Seasoning: 6g ginger, 12g onion, 4g garlic (white skin), 15g soy sauce, 25g cooking wine, 3g sugar, 2g monosodium glutamate, 2g pepper, 50g vegetable oil, 3g sesame oil and 5g salt.

: 1. Slaughter the live carp, remove impurities, wash it, and season it with refined salt, cooking wine, soy sauce and pepper;

2. Put the pickled carp into a hot oil pan and fry it thoroughly;

3. Wash the white radish and cut it into thick slices;

4. Cut the onion, shred the ginger and slice the garlic for later use;

5. Take a stew pot, put white radish slices into the bottom of the pot, and put carp on the white radish slices;

6. Put the wok on a strong fire, add 20 grams of vegetable oil, heat it, saute with onion, shredded ginger and garlic slices, add broth (800 grams), sugar and refined salt to boil;

7. Pour into the saucepan, put the saucepan on a big fire and boil it, then stew it with a small fire;

8. When the carp is ripe, sprinkle with monosodium glutamate and drizzle with sesame oil.

The key to the production of radish stewed carp: because carp slices need to be fried. So to prepare 200 grams of vegetable oil, the actual dosage is 50 grams.
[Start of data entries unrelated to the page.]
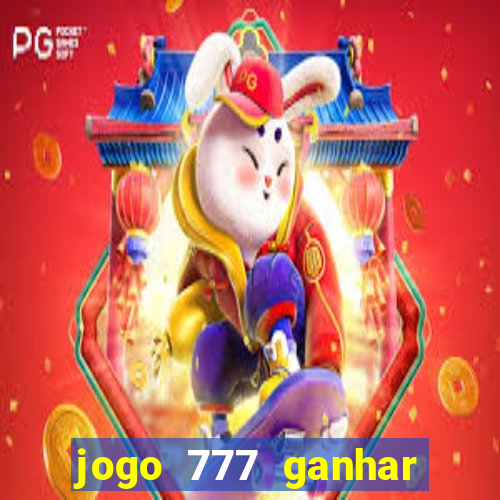 jogo 777 ganhar dinheiro de verdade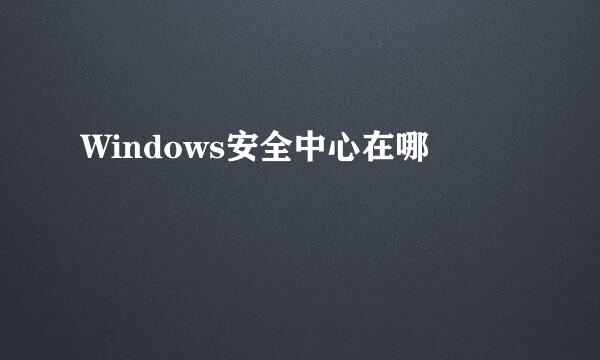 Windows安全中心在哪
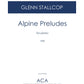 ALPINE PRELUDES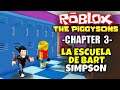 ¡LA ESCUELA DE BART SIMPSON! ROBLOX: THE PIGGYSONS, CHAPTER 3, ELEMENTARY SCHOOL, NUEVO ESCAPE PIGGY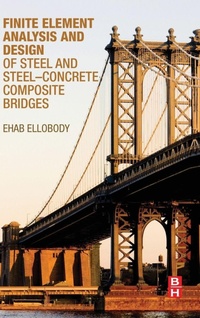 Enlarge image Cover: Finite Element Analysis and Design of Steel and Steel-Concrete Composite Bridges - Butterworth-Heinemann
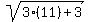 sqrt%283%2811%29%2B3%29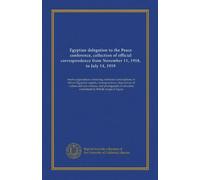 Egyptian delegation to the Peace conference, collection of official correspondence from November 11, 1918, to July 14, 1919: twelve appendices ... committed by British troops in Egypt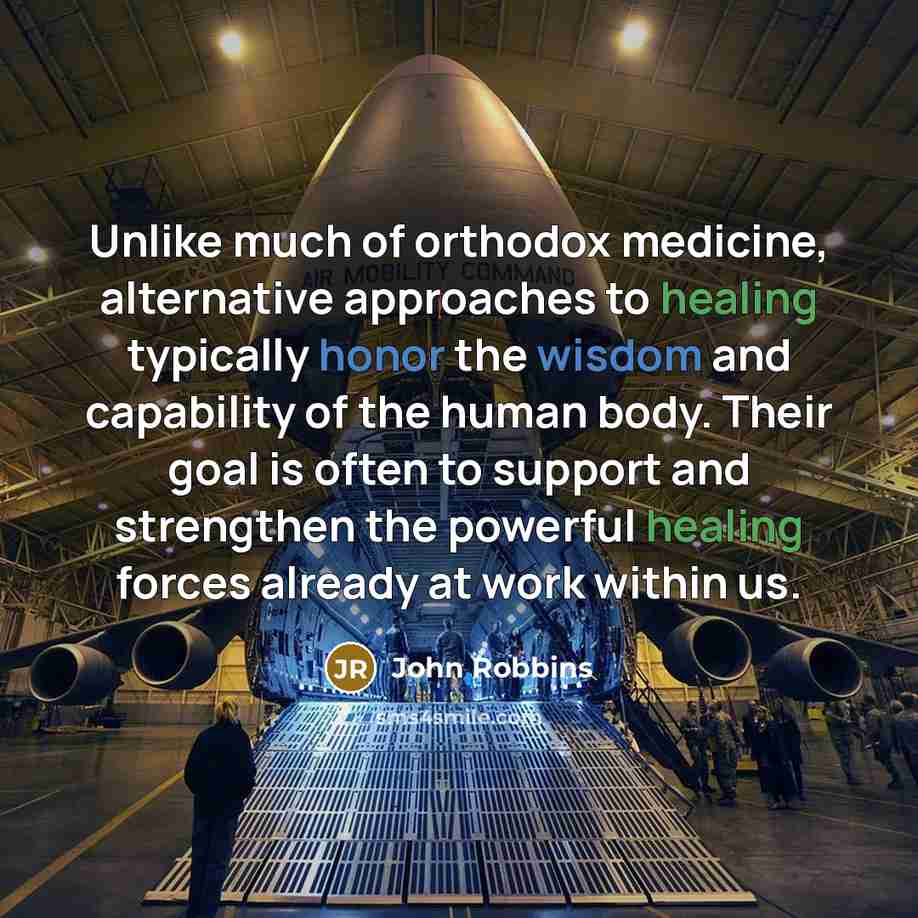 “Unlike much of orthodox medicine, alternative approaches to healing typically…” quote by John Robbins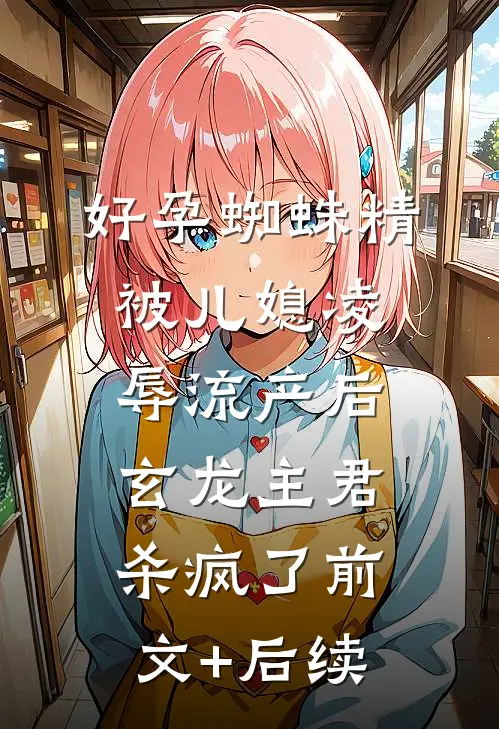 好孕蜘蛛精被儿媳凌辱流产后，玄龙主君杀疯了前文+后续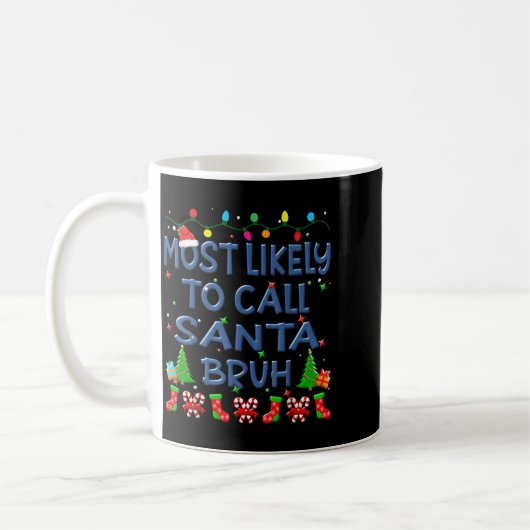 Mug Christmas Most Likely To Call Santa Bruh Family Ki (Gauche)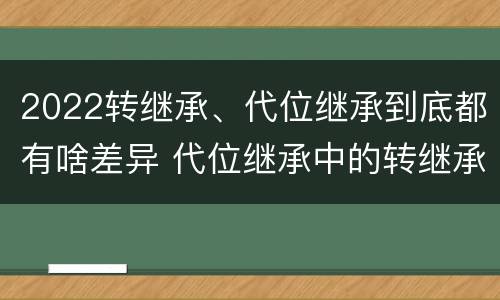 2022转继承、代位继承到底都有啥差异 代位继承中的转继承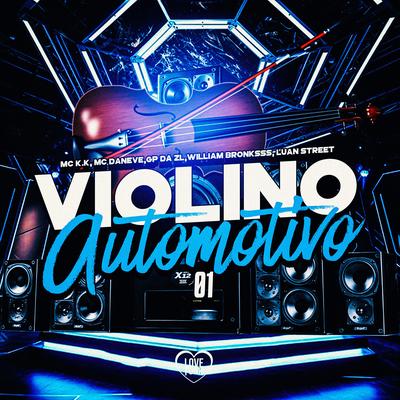 Violino Automotivo 01 By MC K.K, GP DA ZL, Mc Daneve, Love Funk, William Bronksss, Luan Street's cover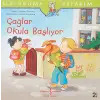Çağlar Okula Başlıyor: İlk Okuma Kitabım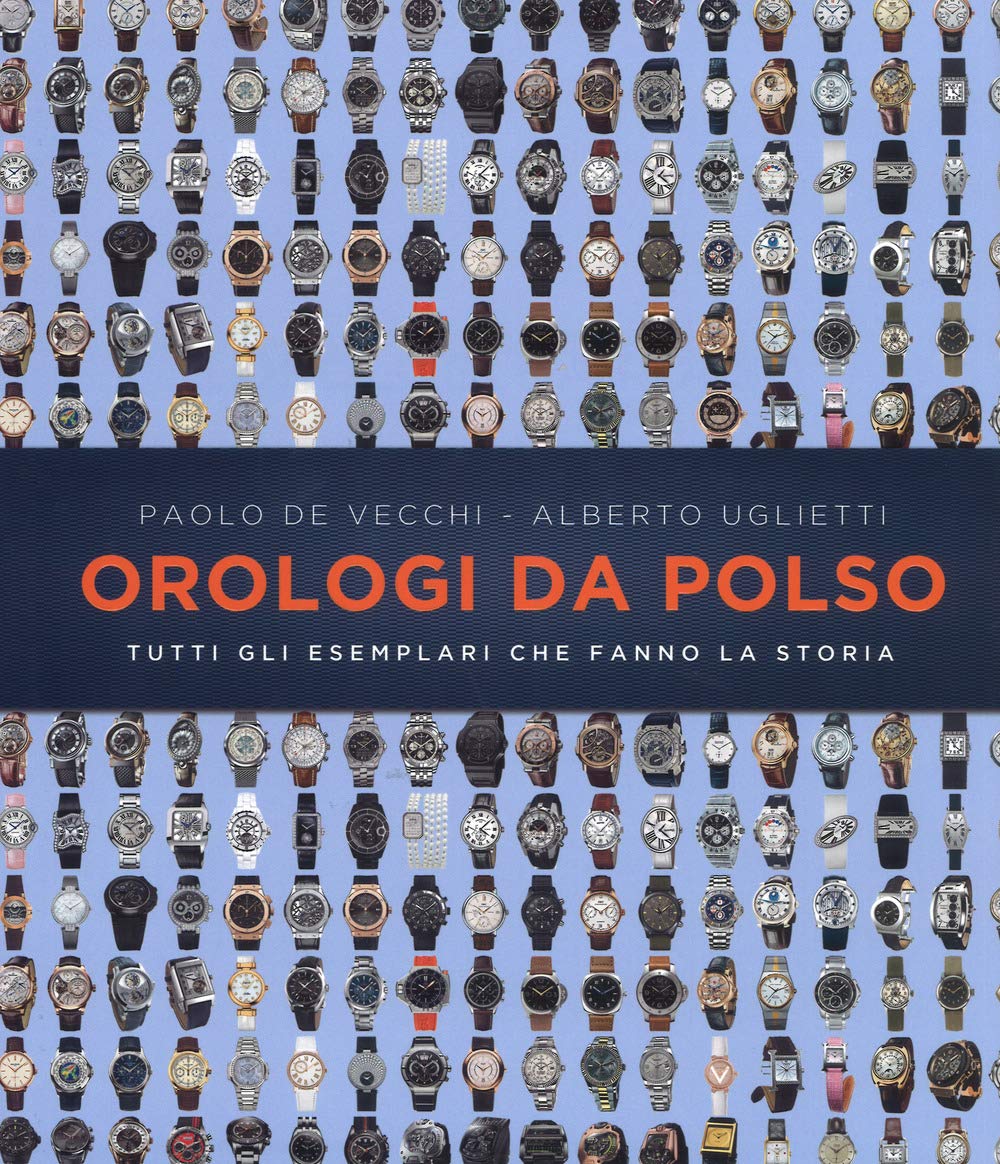 Orologi da polso. Tutti gli esemplari che fanno la storia. Ediz. illustrata book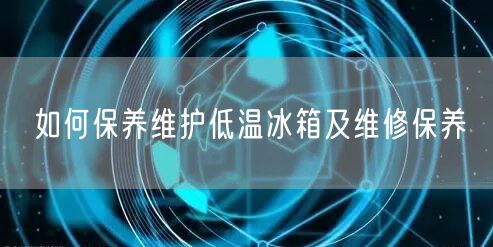 如何保養(yǎng)維護低溫冰箱及維修保養(yǎng)(圖1)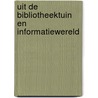 Uit de bibliotheektuin en informatiewereld door Onbekend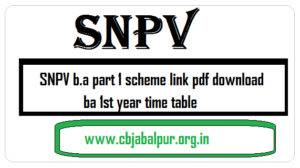 SNPV BA 1st Year Time Table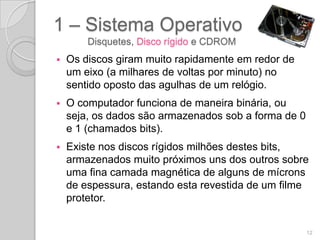 1 – Sistema Operativo
        Disquetes, Disco rígido e CDROM
   Os discos giram muito rapidamente em redor de
    um eixo (a milhares de voltas por minuto) no
    sentido oposto das agulhas de um relógio.
   O computador funciona de maneira binária, ou
    seja, os dados são armazenados sob a forma de 0
    e 1 (chamados bits).
   Existe nos discos rígidos milhões destes bits,
    armazenados muito próximos uns dos outros sobre
    uma fina camada magnética de alguns de mícrons
    de espessura, estando esta revestida de um filme
    protetor.


                                                      12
Food is similar to carp: carp should not be eaten with mung beans, taro, beef and sheep oil, pork liver, chicken, Schizonepeta, licorice, pumpkin, red beans and dog meat, nor should it be taken with cinnabar. Carp and pickles can cause digestive tract cancer.

White radish: White radish should not be eaten with ginseng and American ginseng.